Lydie Salvayre, éloge de la déraison
Ils ne sont pas si nombreux, les auteurs français, à nous faire jouer des zygomatiques tout en balayant le spectre complet des émotions. Pas nombreux, non plus, ceux dont les livres pourraient servir de viatiques à nos vies et dont la cruauté est une arme libératrice. Lydie Salvayre est de ceux-là, que les lecteurs ont découverte surtout à partir de l’impeccable La Puissance des mouches (1995) suivi de La Compagnie des spectres (1997). Depuis, et malgré de laborieux passages dans des émissions de télé, la romancière est suivie par un noyau conséquent de lecteurs. Combien ? Elle l’ignore. Quel titre son éditeur a-t-il le plus vendu ? Elle n’en sait rien. Lydie Salvayre est un écrivain, pas un comptable : les chiffres ne l’intéressent pas, les mots, si. Prodigieusement. Le lexique est, chez elle, un outil pour voyager aussi bien dans l’espace que dans le temps, pour la rendre contemporaine de Pascal ou Sterne, et voisine d’une femme obèse de Cintegabelle ou d’un flic foudroyé d’amour dans une banlieue où « tous les enfants ou adolescents vivant dans une cité en zone péri-urbaine, dont les ancêtres, originaires du continent africain, portaient un anneau dans le nez ou un turban sur la tête (surmonté d’une plume) » sont considérés comme des délinquants.

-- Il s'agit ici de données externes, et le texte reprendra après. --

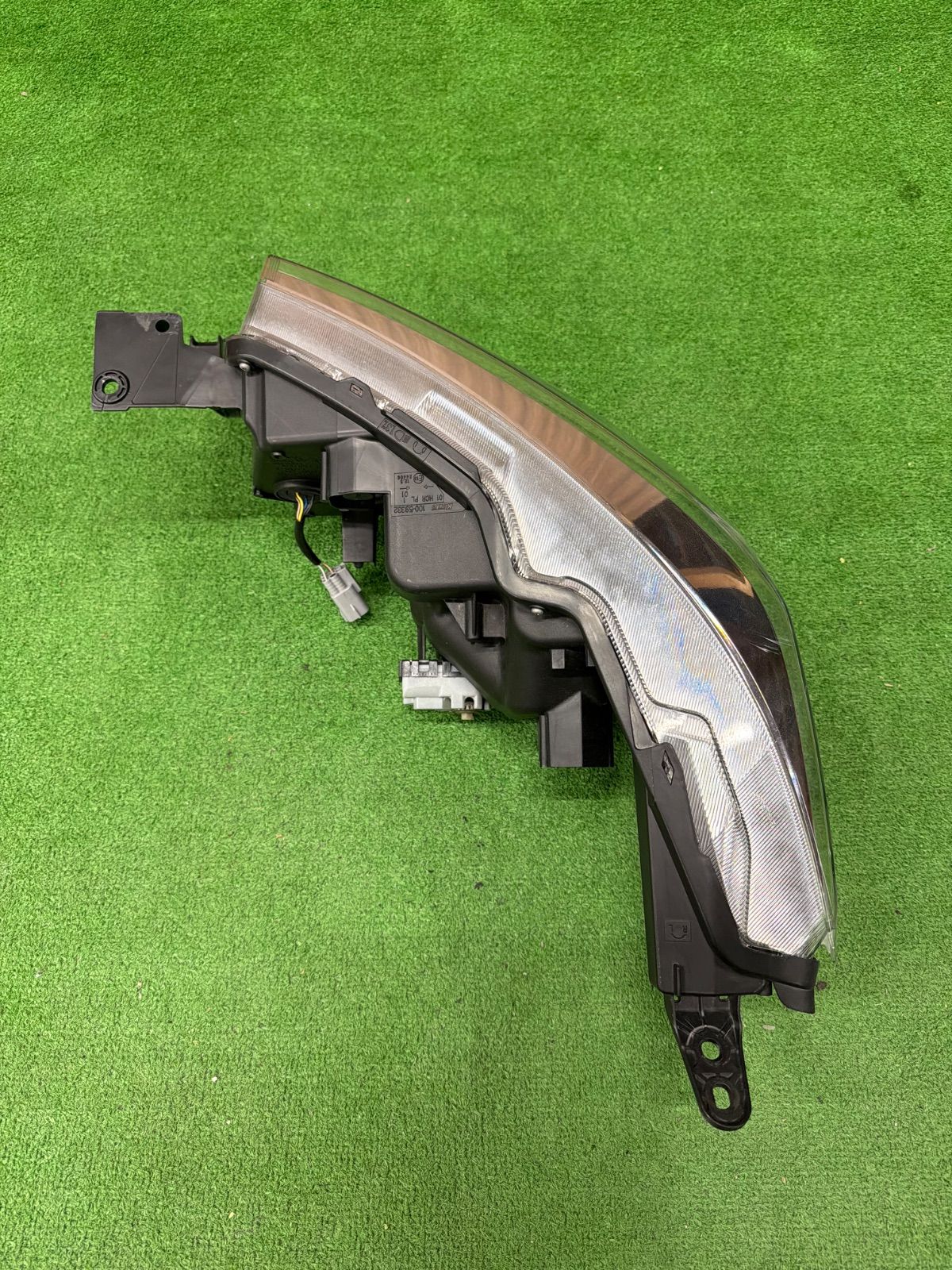スズキ ソリオ バンディット MA36S 純正 右側 ヘッドライト KOITO 100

On avait remarqué, dans le dossier qu’on lui avait consacré en mai 1999 (Lmda N°26, épuisé), la fréquence du nom de Fatarella, village catalan et de celui d’Argelès, « camp de concentration » français. Ces noms résonnaient avec l’histoire familière de Lydie Salvayre. Cette histoire-là, on en retrouve à nouveau la trace dans BW, son nouveau roman.
On en trouve trace, de cette histoire d’exil et d’internement, dans bon nombre des livres de la romancière comme s’il lui fallait sans cesse rappeler d’où elle écrit. Rassurons toutefois Eric Besson et son ministère de l’Identité nationale : la romancière est bien née en France. Précisons : à Autainville dans le Loir-et-Cher. La Seconde Guerre mondiale est finie depuis quelques années et cela fait presque dix ans que ses parents ont fui, chacun de leur côté, leur Espagne natale aux mains des franquistes.
La « retirada », cet exode d’un pays en guerre civile, Lydie Salvayre en imagine la douleur dans La Puissance des mouches : (…) « ma mère arrive épuisée après quarante jours de marche, quarante jours de marche en Catalogne sous les bombardements de l’armée de Franco qui vient de gagner la guerre, quarante jours de marche (…) avec pour toute nourriture les navets volés dans les champs catalans, quarante jours de marche jusqu’au camp d’Argelès avec au cœur le chagrin insensé d’avoir laissé les siens de l’autre côté de l’Èbre, ma mère arrive dans ce camp plus démunie encore que les enfants qui naissent, dans ce camp d’Argelès où mon père la distingue au milieu de la foule à son air de jeunesse, à ses yeux infinis. »
Le lexique est, chez elle, un outil pour voyager aussi bien dans l’espace que dans le temps.